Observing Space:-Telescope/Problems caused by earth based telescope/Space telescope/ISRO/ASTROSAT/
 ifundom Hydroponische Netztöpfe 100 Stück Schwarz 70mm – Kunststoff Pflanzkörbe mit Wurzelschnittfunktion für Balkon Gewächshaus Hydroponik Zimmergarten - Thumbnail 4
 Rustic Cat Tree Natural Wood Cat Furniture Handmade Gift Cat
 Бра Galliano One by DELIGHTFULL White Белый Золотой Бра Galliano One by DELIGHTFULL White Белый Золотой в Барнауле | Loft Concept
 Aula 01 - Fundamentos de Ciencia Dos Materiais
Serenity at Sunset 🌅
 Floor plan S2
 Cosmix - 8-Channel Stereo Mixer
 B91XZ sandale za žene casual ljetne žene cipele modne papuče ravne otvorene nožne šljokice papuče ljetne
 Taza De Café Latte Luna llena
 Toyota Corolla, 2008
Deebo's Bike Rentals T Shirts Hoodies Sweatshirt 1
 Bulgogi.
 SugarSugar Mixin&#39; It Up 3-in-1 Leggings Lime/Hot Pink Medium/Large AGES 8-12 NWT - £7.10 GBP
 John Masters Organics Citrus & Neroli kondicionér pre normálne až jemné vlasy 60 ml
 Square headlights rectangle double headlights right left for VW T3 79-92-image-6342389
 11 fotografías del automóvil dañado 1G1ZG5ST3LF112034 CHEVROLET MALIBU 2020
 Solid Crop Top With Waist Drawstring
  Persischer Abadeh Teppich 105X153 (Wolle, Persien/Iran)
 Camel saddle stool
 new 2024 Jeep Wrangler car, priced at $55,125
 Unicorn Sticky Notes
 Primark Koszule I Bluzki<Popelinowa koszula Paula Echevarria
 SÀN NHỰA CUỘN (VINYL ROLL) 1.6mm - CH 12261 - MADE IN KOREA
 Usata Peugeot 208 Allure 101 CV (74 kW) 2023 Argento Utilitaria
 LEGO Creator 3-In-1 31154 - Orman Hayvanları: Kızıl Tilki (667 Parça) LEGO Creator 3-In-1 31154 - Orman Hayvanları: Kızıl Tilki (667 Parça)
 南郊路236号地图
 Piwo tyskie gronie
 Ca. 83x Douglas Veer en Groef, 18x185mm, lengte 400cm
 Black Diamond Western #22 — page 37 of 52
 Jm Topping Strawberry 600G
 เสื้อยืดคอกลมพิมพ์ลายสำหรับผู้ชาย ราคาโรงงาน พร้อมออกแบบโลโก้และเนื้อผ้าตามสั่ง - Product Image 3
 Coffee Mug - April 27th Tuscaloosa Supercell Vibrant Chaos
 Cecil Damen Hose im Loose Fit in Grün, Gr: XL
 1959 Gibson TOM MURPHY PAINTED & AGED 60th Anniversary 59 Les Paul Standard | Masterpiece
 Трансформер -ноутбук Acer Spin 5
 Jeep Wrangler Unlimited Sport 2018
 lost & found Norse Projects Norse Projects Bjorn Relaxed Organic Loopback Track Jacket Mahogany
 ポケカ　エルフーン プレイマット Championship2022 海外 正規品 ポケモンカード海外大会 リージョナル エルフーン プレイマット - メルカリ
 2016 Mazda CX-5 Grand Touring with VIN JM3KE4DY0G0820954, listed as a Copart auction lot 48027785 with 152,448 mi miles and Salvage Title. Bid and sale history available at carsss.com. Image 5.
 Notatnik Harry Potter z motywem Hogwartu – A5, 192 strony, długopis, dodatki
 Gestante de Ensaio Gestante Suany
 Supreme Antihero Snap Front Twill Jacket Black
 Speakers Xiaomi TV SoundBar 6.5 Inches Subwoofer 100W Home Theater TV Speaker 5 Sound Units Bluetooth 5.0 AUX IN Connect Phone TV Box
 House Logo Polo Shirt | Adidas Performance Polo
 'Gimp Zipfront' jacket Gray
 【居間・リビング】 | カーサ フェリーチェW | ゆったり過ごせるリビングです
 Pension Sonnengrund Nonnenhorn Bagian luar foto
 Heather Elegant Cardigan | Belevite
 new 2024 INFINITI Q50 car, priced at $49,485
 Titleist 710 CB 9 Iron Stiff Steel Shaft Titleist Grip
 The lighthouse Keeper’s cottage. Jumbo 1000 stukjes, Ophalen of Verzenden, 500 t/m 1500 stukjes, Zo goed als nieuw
──────
= What you are asked to do =
Exactly the lines from the start of the entries through the one bearing "Cosmix - 8-Channel Stereo Mixer" are to be output, with both ends included.

= Solution for this exercise =
Observing Space:-Telescope/Problems caused by earth based telescope/Space telescope/ISRO/ASTROSAT/
 ifundom Hydroponische Netztöpfe 100 Stück Schwarz 70mm – Kunststoff Pflanzkörbe mit Wurzelschnittfunktion für Balkon Gewächshaus Hydroponik Zimmergarten - Thumbnail 4
 Rustic Cat Tree Natural Wood Cat Furniture Handmade Gift Cat
 Бра Galliano One by DELIGHTFULL White Белый Золотой Бра Galliano One by DELIGHTFULL White Белый Золотой в Барнауле | Loft Concept
 Aula 01 - Fundamentos de Ciencia Dos Materiais
Serenity at Sunset 🌅
 Floor plan S2
 Cosmix - 8-Channel Stereo Mixer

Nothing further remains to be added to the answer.